The answer is a stretch of the material below, returned exactly: the line containing "CH26 Starfish 9mm", the line containing "Michael Kors New", and all lines between.

#### PROVIDED MATERIAL:
################
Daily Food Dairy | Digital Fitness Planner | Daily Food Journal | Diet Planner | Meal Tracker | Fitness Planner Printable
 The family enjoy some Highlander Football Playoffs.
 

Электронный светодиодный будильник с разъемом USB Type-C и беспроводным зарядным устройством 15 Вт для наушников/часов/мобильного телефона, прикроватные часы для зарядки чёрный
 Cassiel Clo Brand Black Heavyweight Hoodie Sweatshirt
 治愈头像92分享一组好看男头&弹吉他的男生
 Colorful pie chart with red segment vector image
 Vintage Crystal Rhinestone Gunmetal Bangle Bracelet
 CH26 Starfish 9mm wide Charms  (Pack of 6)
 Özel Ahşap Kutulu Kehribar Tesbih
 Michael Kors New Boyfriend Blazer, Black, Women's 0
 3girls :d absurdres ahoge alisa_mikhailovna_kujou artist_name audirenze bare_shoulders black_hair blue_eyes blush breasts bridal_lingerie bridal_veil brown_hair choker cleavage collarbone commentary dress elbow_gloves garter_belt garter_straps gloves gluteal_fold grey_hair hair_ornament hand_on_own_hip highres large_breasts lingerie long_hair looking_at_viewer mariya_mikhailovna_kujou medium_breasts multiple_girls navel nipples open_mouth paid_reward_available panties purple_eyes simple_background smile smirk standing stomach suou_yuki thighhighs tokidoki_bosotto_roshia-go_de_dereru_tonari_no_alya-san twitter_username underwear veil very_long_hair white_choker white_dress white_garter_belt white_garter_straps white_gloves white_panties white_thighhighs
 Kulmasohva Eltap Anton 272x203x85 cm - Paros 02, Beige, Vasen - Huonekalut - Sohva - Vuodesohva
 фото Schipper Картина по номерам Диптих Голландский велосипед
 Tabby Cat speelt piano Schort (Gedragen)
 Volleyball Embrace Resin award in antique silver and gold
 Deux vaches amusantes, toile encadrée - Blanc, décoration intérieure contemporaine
################
#### WRITTEN RESPONSE:
 CH26 Starfish 9mm wide Charms  (Pack of 6)
 Özel Ahşap Kutulu Kehribar Tesbih
 Michael Kors New Boyfriend Blazer, Black, Women's 0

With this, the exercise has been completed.